The big question is can this pace continue? It appears export orders are slowing in the second quarter. Levitt attributes a couple factors: greater competition from Europe and Oceania, where production has come back strong. As a result, world prices have come down quite a bit.

“We’re also going to start seeing more difficult comparisons in the months ahead,” he said. “U.S. exports started taking off in April-May 2013. So now we’re going to be comparing with those increased levels, and showing further increases on top of that will be tougher.”

Currently, the global markets continue to drift lower and we’re entering the summer lull.
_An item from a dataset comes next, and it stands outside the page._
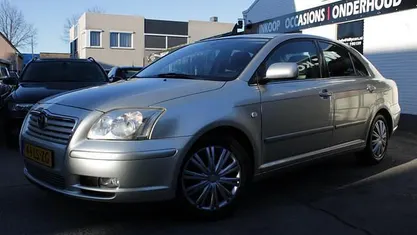 Occasion Toyota Avensis Luna 147 PK (108 kW) 2003 Grijs Hatchback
“Buyers are cautious, but inventories aren’t excessive,” he said. “Also, milk production from the top global suppliers has peaked and is now on its way down. The New Zealand season is done. So we could see supply firm in the months ahead. The strength of the market in the second half will probably depend on how aggressively China comes back in the market.”

If you’re looking for some sort of indicator, Fonterra recently announced its first payout projection for the 2014/15 season and it came in 17% below the 2013/14 season. So over the next 12 months they expect world prices to be 15-20% lower than the record levels seen in this past year.

“But that’s still a very good price,” Levitt said. ”It means milk powder prices will average around $1.80.”